Una intensa librería bonaerense, en la calle La Florida, que se llamaba “Los siete pilares”, atendía muy bien a su clientela en medio de un desorden reinante que rozaba el caos. De vez en cuando, una buena hierba aparecía entre la maleza y se descubría una primera edición de un poeta de la generación del 27. Hasta con dedicatoria. De allí al bar del hotel Plaza. Puro asfalto.

Montevideo no suele enamorar tanto, pero su calidad se esconde entre iglesias, curtidos y librerías de lance que a veces sorprenden. Por ejemplo, la primera edición de “Poeta en Nueva York” editada por Bergamín en México en 1940. Seiscientos cincuenta dólares con descuento, hace veinte años. Puro asfalto.

Casi a la fuerza, cualquier callejón de Londres puede llevarte a Sanxenxo. En Cecil, cerca de San Martin in the Fields, suele producirse el milagro. Por eso hoy la televisión pública española se ha quedado sin cámaras ni quien las opere: todos perdidos en ese pueblo de la ría pontevedresa. Más asfalto.

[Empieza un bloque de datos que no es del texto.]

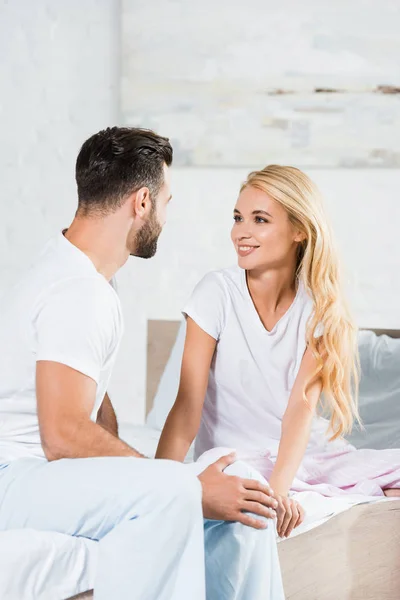 Beau couple en pyjama se regardant sur le lit à la maison — Photo de stock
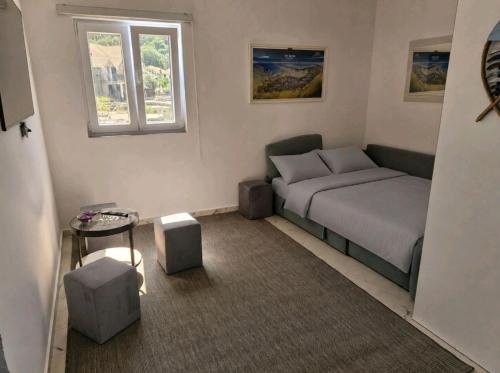 a small bedroom with a bed and a window at Apartman UNA in Bjelila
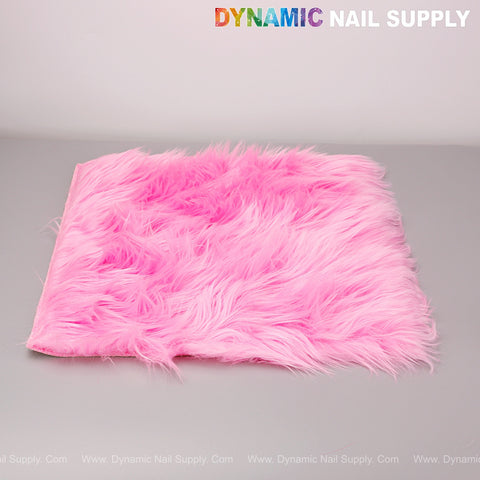 A Hot Pink Faux Fur Fabrics Square Display Mat for nail art photos rests on gray, with DYNAMIC NAIL SUPPLY above.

Por último, ahora que hay circos de reflexión aparente en todas partes, la profesión periodística se reunió en Lanzarote el fin de semana para pensar sobre sí misma. El mojo y la malvasía hicieron de las suyas. Y las clacas, poco conocidas y nada exquisitas, incluso abruptas. Cuando las personas que se dedican a la información, y a la comunicación, tienen que preguntarse sobre sí mismas, o sobre lo que el resto debe decir sobre ellas -casi es lo mismo- es que ya no queda tinta ni tintero. Puro teclado.

A los postres, una bella novela de José María Pérez González, “Peridis”, “El cantar de Liébana”, seduce y sugiere. Casi todo son montañas en ella, aunque puede que alguno de sus personajes sostenga lo contrario.